• [What to produce]: When you reach the line in the listing below that contains "Взгляд на события", begin returning lines exactly as written, and stop after the line that contains "Ideally Located Flat". Return no other lines.

• [Input records]:
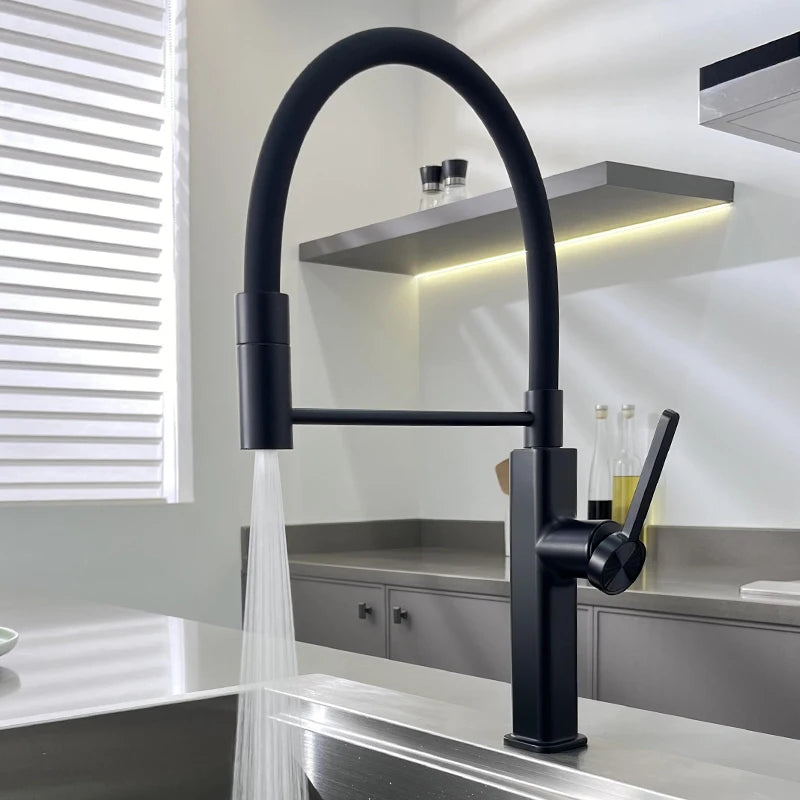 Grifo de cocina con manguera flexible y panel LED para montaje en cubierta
--
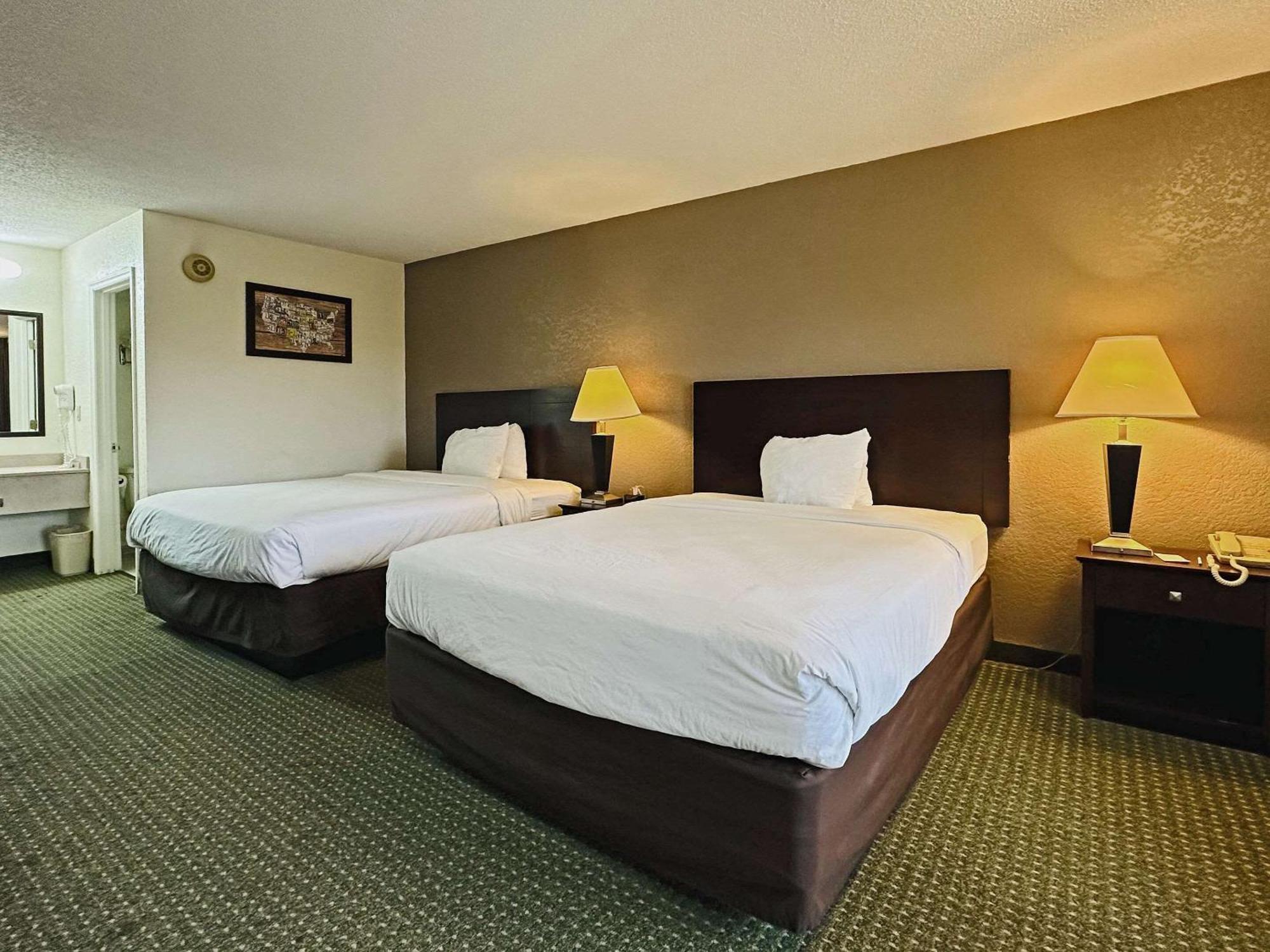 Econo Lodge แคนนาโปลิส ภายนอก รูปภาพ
--
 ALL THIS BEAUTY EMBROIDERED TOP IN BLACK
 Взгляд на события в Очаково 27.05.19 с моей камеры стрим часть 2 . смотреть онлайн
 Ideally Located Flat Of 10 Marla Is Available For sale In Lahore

• [Answer for this exercise]:
 Взгляд на события в Очаково 27.05.19 с моей камеры стрим часть 2 . смотреть онлайн
 Ideally Located Flat Of 10 Marla Is Available For sale In Lahore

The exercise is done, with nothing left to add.